“Procedural”

In an interview posted today (9.29), Empire‘s Helen O’Hara quotes Steven Spielberg saying a couple of things about Lincoln, which begins shooting in October. Spielberg begins by explaining that the source material, Doris Kearns Goodwin‘s Team Of Rivals, “is much too big a book to be a movie, so the Lincoln story only takes place in the last few months of his Presidency and life.

“I was interested in how he ended the war through all the efforts of his generals…but more importantly how he passed the 13th Amendment into constitutional law. The Emancipation Proclamation was a war powers act and could have been struck down by any court after the war ended. But what permanently ended slavery was the very close vote in the House of Representatives over the 13th Amendment — that story I’m excited to tell.”

Asked if Lincoln will bear any similarities to Amistad, Spielberg says that his Anthony Hopkins-starring 1997 historical film “is much more visual than Lincoln is going to be. It feels very much like a procedural. It shows Lincoln at work, not just Lincoln standing around posing for the history books…arguably the greatest working President in American history doing some of the greatest work for the world.”

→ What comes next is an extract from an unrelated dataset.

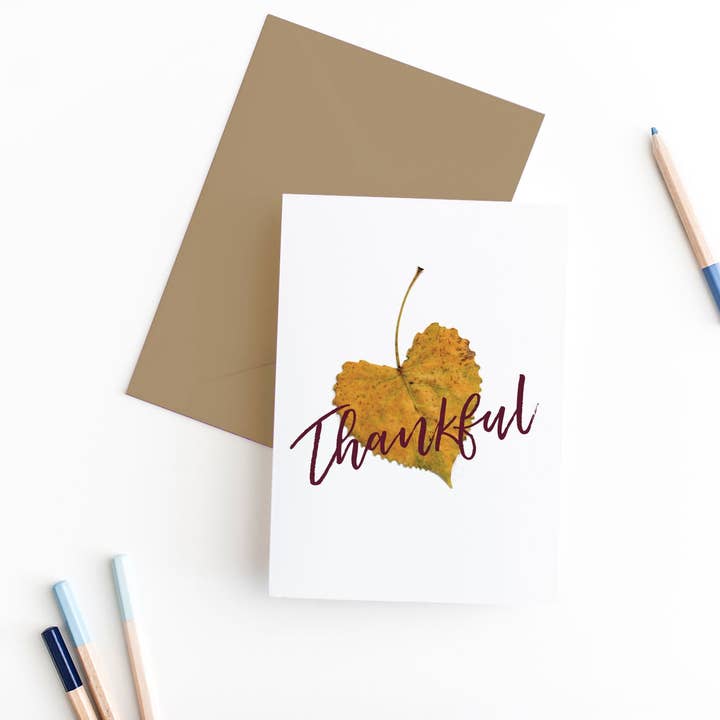 tarjeta de felicitación de agradecimiento | Te aprecio | cumpleaños sencillo para venta al por mayor de Smiles By Megan | Zatetic Studios, LLC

18 thoughts on ““Procedural”

  1. I like the fact that Spielberg is concentrating on a specific period of time within Lincoln’s presidency and that he is talking about making something other than a simple and traditional costume-epic.

    I just hope that his film turns out to be less staid and lethargic than Redford’s The Conspirator, another recent film about Lincoln.

  2. “But what permanently ended slavery was the very close vote in the House of Representatives over the 13th Amendment ”

    No, what permanently ended slavery was when the 27th state ratified the 13th Amendment NINE MONTHS after Lincoln was murdered and no longer PROCEDURING shit.

  3. What ended slavery was the blood of almost 600,000. This framing actually sounds interesting. Showing Lincoln doing work will make the ending more tragic.

    DZ that was actually pretty funny.

  4. When watching the nerdy but brilliant Doris Kearns Goodwin I always chuckle when I remember she was portrayed in a feature film by Miro Sorvino.

  5. That’s weird, because “Amistad’ ranks among the least-visual, most straightforwardly procedural movies Spielberg has ever made.

  6. I think the first 1/3 or half of AMISTAD is pretty visual, Bobby, what with the ship voyage and the mutiny. Once it becomes a courtroom drama, I agree it becomes much more like a procedural.

  7. lip – there are plenty of directors for whom the first 1/3 alone would make ‘Amistad’ the most visual movie they’d ever done, but for Spielberg, that 2/3 is why it ranks among the least.

  8. “What ended slavery was the blood of almost 600,000. This framing actually sounds interesting. Showing Lincoln doing work will make the ending more tragic.”

    NO SPOILERS, ASSHOLE!

  9. It makes sense to follow this approach, given that audiences will have already seen much of his earlier life that year in Abraham Lincoln: Vampire Hunter.

  10. Killing Lincoln is the new book from Bill O’Reilly, about the last two weeks of Lincoln’s life. That and Team of Rivals should be read before you see the movie.